§ MATERIAL PROVIDED:
::::::::

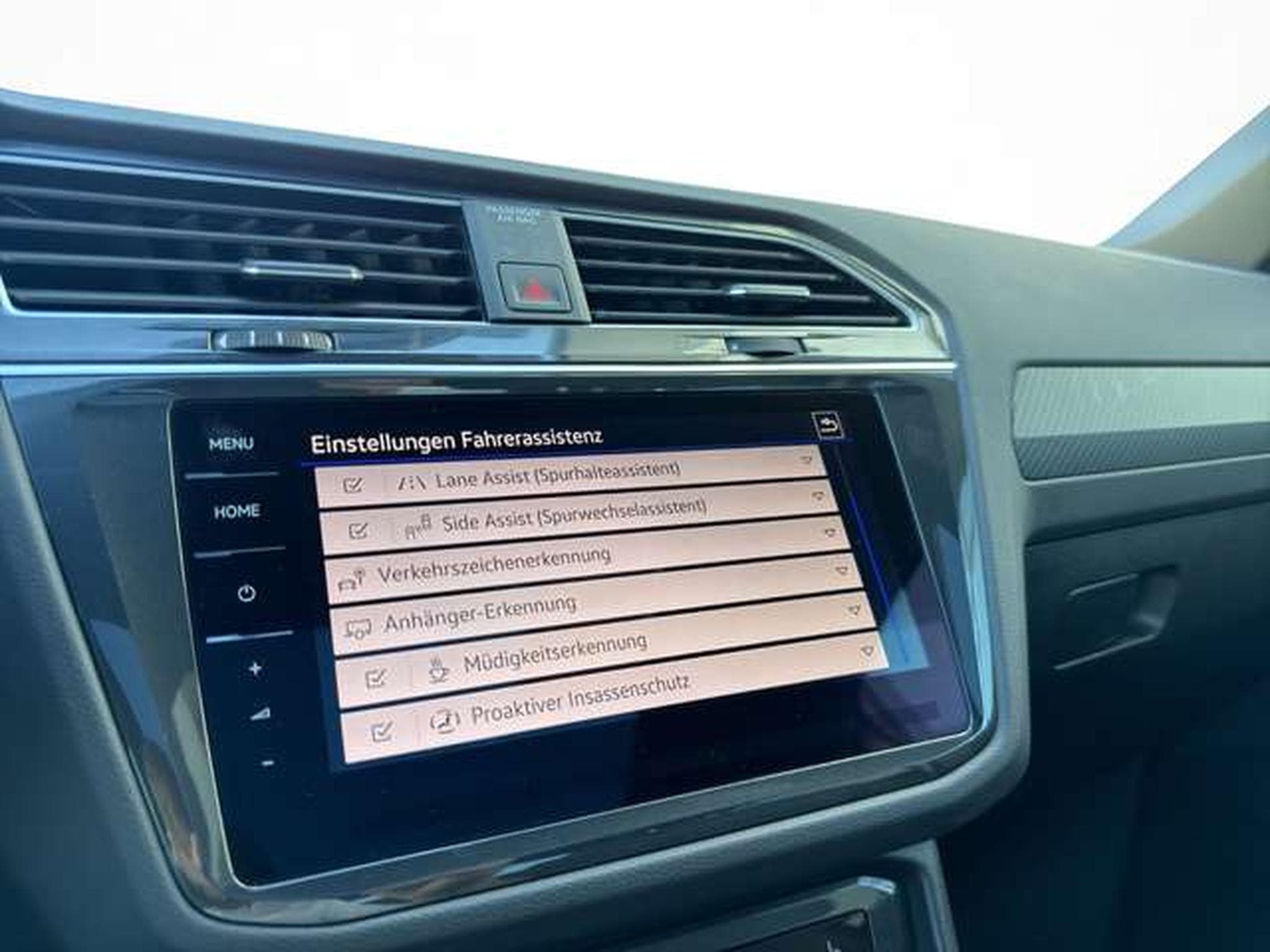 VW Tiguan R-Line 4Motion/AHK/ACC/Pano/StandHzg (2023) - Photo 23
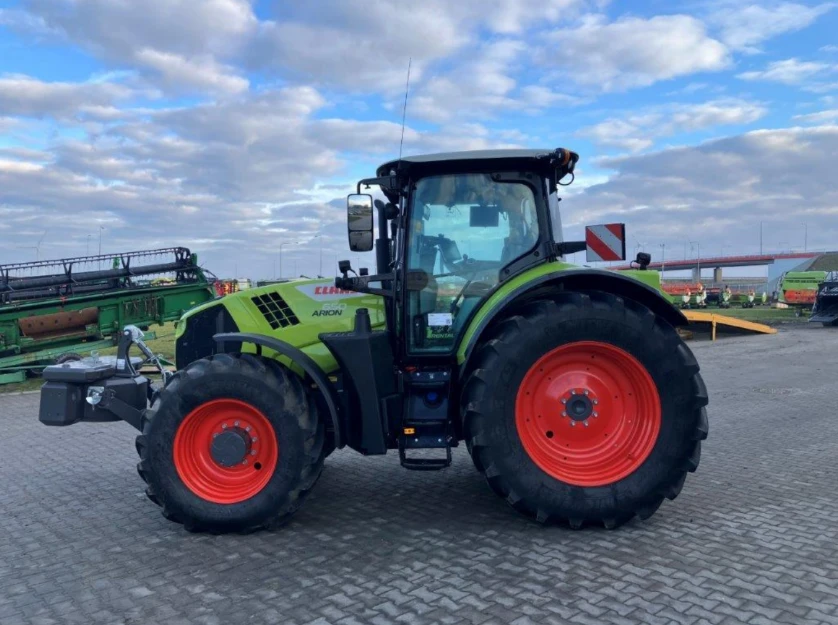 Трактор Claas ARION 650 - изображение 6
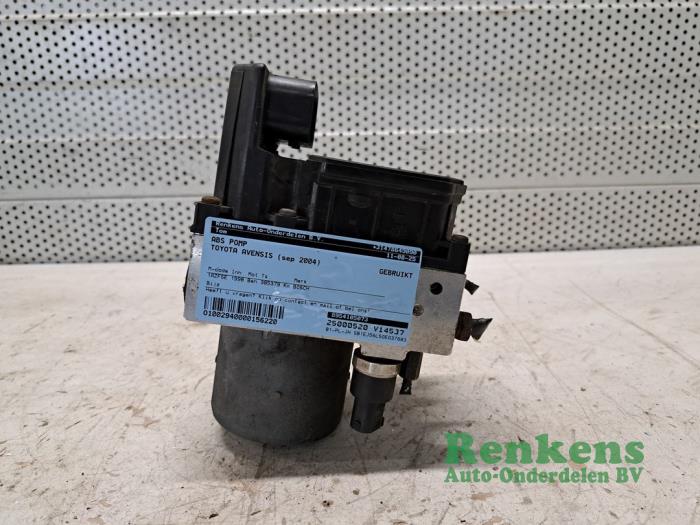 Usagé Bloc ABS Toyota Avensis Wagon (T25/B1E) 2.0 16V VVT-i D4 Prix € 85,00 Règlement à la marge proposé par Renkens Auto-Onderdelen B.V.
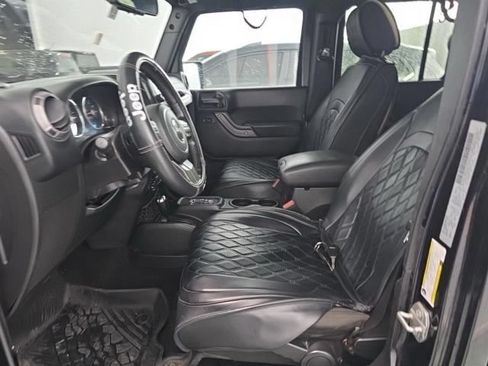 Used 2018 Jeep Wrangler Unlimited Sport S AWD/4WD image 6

::::::::

§ PROBLEM REQUIREMENTS:
From the material above, copy everything exactly but the pictures.

§ RESULT OF THE EXERCISE:
 VW Tiguan R-Line 4Motion/AHK/ACC/Pano/StandHzg (2023) - Photo 23
 Трактор Claas ARION 650 - изображение 6
 Usagé Bloc ABS Toyota Avensis Wagon (T25/B1E) 2.0 16V VVT-i D4 Prix € 85,00 Règlement à la marge proposé par Renkens Auto-Onderdelen B.V.
 Used 2018 Jeep Wrangler Unlimited Sport S AWD/4WD image 6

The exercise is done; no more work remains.